Vi è differenza e sviluppo tra religione, fede e nuova umanità. Questo concetto attraversa tutto il libro di Mancini. La iniziale identificazione in una determinata religione – cioè in un particolare sistema di credenze, pratiche e costumi – deve conoscere una conversione alla fede. E questa, in quanto risposta adeguata all’Amore divino, deve svolgersi come cammino di gestazione di una umanità nuova, deve incarnarsi in esperienze di liberazione dall’ingiustizia, dal male, dalla paura, dalla morte definitiva. «Una chiesa fedele è quella tesa a favorire la gestazione dell’umanità promessa. E’ materna nel senso che la sua azione autentica è sempre volta a far nascere la fede oltre la religione e a far nascere l’umanità nuova dall’adesione tipica della fede» (143).

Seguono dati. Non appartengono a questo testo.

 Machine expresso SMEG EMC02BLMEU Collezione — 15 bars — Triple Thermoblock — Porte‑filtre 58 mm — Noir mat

E’ necessaria, perciò, una logica antisacrificale. “Misericordia io voglio e non sacrificio” (Mt 9, 13; 12, 7). Le religioni vorrebbero il sacrificio, ma il sacrificio implica la distruzione, in quanto la concepisce come creatrice e salvifica e soprattutto è un travisamento del senso della Croce, vista come espiazione piuttosto che come amore. Nella logica antisacrificale siamo aiutati dalla esperienza di Gesù, non nel senso “religioso” di un Dio che risolve ogni problema, ma nel senso di un’infinita apertura al Padre. Ci sentiamo con ciò figli, e quindi fratelli e sorelle. La Scrittura ci invita a convertire il cuore dei padri e delle madri ai figli e alle figlie e, si può aggiungere, quello degli uomini alle donne. La connessione tra le generazioni deve intrecciarsi con quella tra i generi. «E’ proprio questo il confine lungo il quale la religione termina per lasciare il posto alla fede e alla sua legittima incarnazione in comunità di umanità fraterna e sororale» (134), che si muovono verso chi non ha potere e fondano la convivenza sulla comunione e sulla giustizia, non sul dominio.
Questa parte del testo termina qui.